I don't know the article, but if you know the argument for Godel's theorem, it's simple enough to reconstruct the argument that surely appears there. If you have an omniscient entity you can talk to and query in finite time, you can write the following program:
- Print's it's code into a variable R.
- Asks the omniscient entity whether the code "R" will print "hello" or "not hello"
- does the opposite.
If you make the omniscient entity a computer program, this proves Turing's theorem. If you make the omniscient entity an axiomatic system, this proves Godel's theorem. If you make the omniscient entity a divine being, this proves that either you can't get answers from the divine in finite time, or else you can't formulate step 2, "code R queries the divine entity" in any reasonable way.
The anti-omniscience sentiment can be captured in the religion of Maimonism, whose fundamental tenet is the following:
- Fundamental tenet of Maimonism: God is omniscient, but unfortunately for Maimonism, God doesn't agree with it's fundamental tenet.
There's a problem for God now, in that God can't have a consistent opinion about the fundamental tenet of Maimonism. This is the same argument, except making a gloss without the detailed construction.
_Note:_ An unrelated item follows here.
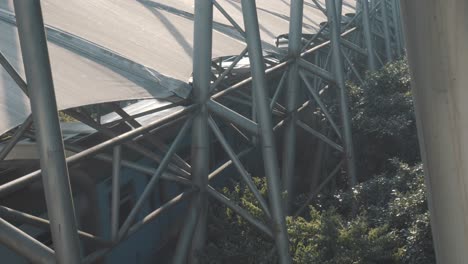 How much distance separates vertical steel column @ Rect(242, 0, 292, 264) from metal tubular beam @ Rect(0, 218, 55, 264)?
2883 millimetres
The argument against omniscience is weak, because it only proves no omniscience in finite time. God is generally understood to be an asymptotic entity, only partly revealed, in most religious faiths. The omniscience is a property of the limit of infinite time, not of any finite time state. No religion that I know claims that its revealed truths are the complete word of God, rather, the revelation is gradual, as new trials reveal new acts of faith and so on.
This isn't physics, and there is a near duplicate of this on philosophy, but philosophy is disfunctional, and has little chance of improving.